Core design decisions

  1. Backend-first; compiler layered on top. The Nx.Backend is enough to run Bumblebee. Emily.Compiler delegates the expression walk to Nx.Defn.Evaluator and adds two adjustments: pin the result backend to Emily.Backend via __to_backend__/1, and cap :max_concurrency at 1. mlx::core::compile is deliberately not wrapped — the fusion win on transformer-shaped workloads was measured below the 1.20× gate (see PLAN M6).

  2. Trace in Elixir, not in C++. Nx.Defn.Expr is already a fully traced tree; the compiler walks it from Elixir and emits one Native NIF call per node (lib/emily/native.ex).

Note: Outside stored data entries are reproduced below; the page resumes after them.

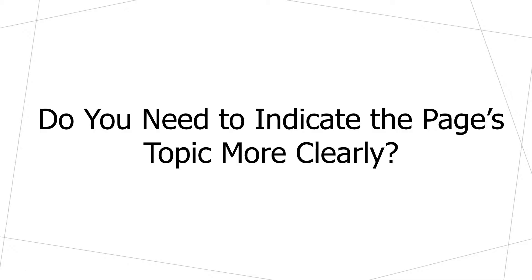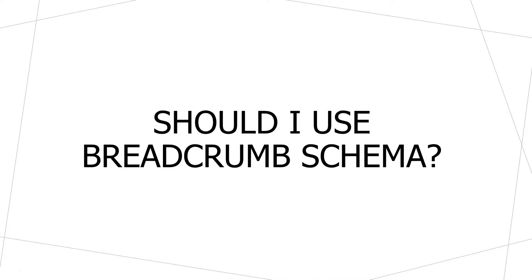The final question that can help us determine if we need breadcrumb navigation is whether we need it to indicate the page's topic more clearly. On an informational website, somebody might arrive on an article and breadcrumb navigation can help give them additional cues about what topic that page is discussing. If they look at the breadcrumb navigation and see that this article is within a higher-level topic or category, they know they're on the right page. The more confusing or complex the content, the more breadcrumb navigation can help.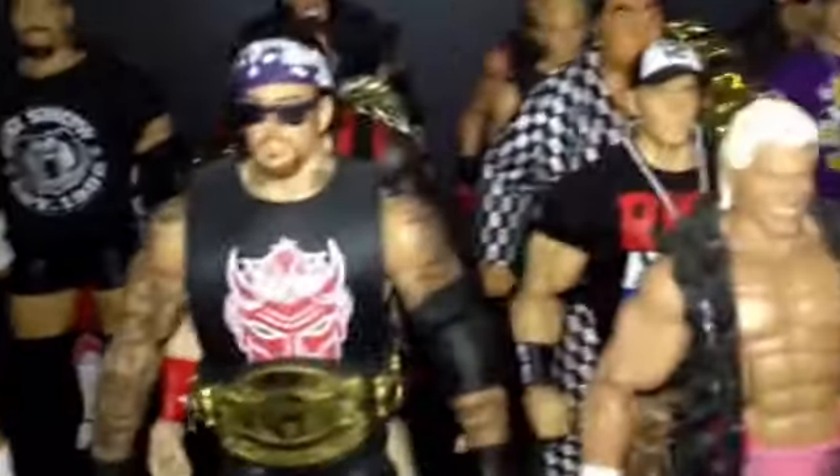I need Defining Moments Austin — I will take him MOC or loose, but I will only take him complete. I need Entrance Greats Undertaker — that's the only Entrance Greats figure I need.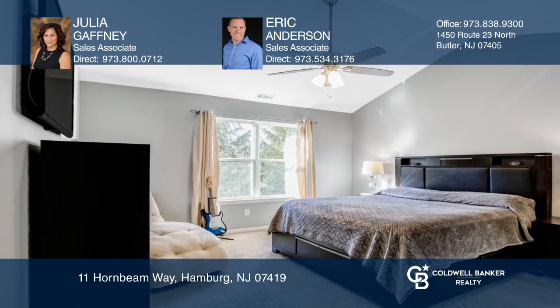A must-see. Check out this property for yourself by scheduling a tour with Julia Gaffney and Eric Anderson.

  3. One resource type: Tensor wrapping mlx::array. MLX's refcount does the heavy lifting; fine's ResourcePtr adds one BEAM-managed ref. c_src/emily/tensor.hpp is the source of truth for the wrapper.

  4. Worker-thread dispatch. Every NIF enqueues its work on a dedicated OS thread (the worker) that owns one MLX stream and its Metal command encoder. NIFs return immediately after enqueueing; the worker posts {ref, {:ok, result}} back via enif_send and the public Elixir wrapper awaits it with a plain receive. No BEAM scheduler (regular or dirty) blocks on MLX work. Because the MLX stream is pinned to its worker thread, Metal's per-thread CommandEncoder state stays consistent regardless of how the BEAM migrates Elixir processes between schedulers.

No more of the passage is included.